My recent writing has, I think, created an impression in some people's minds that I'm reflexively pro-technology. I even jokingly refer to myself that way sometimes. It's true that I will sometimes treat a certain kind of technical change as an [unexamined premise](http://jacobinmag.com/winter-2012/four-futures/), and that I tend to be [skeptical of arguments](http://www.peterfrase.com/2011/09/conservative-leftists-and-radical-dockworkers/) that are centered on the criticism of technology and its effect on labor. But it isn't so much that I think more technology is always good; I just think that arguments for or against certain technologies often begin by asking the wrong question.

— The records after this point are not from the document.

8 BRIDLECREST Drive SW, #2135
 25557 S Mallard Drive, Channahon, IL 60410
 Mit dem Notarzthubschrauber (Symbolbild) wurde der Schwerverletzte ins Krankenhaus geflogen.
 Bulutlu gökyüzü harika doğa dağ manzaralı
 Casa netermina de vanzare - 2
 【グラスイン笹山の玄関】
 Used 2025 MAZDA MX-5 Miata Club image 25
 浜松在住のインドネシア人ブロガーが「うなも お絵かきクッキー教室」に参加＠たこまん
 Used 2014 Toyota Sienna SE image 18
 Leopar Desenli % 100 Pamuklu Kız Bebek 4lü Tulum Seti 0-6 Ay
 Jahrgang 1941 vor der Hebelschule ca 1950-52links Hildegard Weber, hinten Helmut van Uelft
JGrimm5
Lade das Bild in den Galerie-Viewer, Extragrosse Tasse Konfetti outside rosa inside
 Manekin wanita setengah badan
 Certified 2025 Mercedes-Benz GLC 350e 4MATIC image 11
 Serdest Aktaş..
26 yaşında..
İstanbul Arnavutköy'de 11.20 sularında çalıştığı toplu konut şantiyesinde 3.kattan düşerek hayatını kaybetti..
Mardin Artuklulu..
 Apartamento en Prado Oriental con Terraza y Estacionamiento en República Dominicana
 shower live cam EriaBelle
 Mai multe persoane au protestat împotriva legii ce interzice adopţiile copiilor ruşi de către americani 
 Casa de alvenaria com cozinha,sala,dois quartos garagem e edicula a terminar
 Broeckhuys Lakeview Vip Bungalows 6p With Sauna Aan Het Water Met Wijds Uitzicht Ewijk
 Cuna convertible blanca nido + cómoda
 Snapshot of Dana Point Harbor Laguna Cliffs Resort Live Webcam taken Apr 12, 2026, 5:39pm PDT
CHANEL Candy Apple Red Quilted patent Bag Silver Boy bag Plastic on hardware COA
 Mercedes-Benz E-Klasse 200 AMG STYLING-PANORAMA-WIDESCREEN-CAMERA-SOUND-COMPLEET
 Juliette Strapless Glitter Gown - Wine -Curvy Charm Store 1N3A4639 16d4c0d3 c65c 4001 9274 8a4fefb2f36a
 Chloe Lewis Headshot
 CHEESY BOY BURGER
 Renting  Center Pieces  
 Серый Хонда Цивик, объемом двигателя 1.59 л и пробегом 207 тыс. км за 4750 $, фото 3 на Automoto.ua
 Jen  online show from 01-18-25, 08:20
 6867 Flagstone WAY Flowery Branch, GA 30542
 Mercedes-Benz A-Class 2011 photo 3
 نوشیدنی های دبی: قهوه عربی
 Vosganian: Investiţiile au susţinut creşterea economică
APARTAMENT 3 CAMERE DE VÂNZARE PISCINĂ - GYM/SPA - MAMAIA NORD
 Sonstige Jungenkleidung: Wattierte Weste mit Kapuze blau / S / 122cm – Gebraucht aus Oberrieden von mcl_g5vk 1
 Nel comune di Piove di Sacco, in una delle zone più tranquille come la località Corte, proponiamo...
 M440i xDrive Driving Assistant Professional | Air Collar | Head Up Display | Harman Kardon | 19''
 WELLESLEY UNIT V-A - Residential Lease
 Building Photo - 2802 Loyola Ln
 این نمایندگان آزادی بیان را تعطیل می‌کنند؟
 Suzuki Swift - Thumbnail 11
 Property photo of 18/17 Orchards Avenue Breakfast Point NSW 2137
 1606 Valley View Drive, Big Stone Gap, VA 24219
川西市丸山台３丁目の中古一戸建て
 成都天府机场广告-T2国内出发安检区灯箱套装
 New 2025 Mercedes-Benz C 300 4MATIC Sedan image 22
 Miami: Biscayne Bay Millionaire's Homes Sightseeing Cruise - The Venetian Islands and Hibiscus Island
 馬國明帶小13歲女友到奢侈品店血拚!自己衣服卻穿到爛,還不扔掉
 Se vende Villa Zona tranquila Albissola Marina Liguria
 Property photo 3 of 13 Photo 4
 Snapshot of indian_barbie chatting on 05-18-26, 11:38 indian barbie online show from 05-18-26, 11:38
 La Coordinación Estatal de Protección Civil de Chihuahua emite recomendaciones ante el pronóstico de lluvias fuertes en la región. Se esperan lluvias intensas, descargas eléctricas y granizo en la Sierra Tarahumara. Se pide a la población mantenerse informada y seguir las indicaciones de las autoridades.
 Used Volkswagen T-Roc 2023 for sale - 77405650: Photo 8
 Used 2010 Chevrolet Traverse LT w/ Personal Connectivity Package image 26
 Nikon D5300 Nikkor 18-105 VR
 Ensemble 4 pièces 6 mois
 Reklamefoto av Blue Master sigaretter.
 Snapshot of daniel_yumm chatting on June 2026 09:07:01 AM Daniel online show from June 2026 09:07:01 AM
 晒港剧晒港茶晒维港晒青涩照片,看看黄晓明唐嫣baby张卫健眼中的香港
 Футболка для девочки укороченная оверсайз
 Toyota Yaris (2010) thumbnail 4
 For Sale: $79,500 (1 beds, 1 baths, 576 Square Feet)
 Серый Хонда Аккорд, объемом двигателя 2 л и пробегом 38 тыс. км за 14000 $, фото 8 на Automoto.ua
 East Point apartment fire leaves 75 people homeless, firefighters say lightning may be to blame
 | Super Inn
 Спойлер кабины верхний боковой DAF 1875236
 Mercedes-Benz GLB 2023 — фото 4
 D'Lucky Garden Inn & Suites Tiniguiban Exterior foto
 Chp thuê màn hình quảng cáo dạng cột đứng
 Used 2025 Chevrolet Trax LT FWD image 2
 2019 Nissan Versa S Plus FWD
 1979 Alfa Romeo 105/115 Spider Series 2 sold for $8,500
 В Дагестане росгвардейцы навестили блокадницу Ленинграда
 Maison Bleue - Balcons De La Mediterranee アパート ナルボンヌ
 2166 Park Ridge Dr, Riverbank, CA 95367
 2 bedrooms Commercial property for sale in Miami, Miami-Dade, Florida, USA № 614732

Via Aaron Bady's indispensable [Sunday Reading](http://zunguzungu.wordpress.com/2012/02/11/sunday-reading-35/), I found [this post](http://yolacrary.blogspot.com/2012/02/on-technology-and-classless-society.html) from Richard at the blog "The Existence Machine", which I hadn't previously known about. Richard quotes, and objects to, a passage from the journalist Paul Mason asserting---and attributing to Marx---the notion that a classless society "must be based on the most advanced technologies and organisational forms created by capitalism itself." His objection is that this naturalizes technology and prevents us from being critical of its effects and its sustainability. But that's not the only way to interpret that formulation, and I think it somewhat misconstrues what the argument is about. The question is not whether technology, or capitalist production methods, are good or bad. Technology mediates social relations, and it is those social relations that should be the object of critique.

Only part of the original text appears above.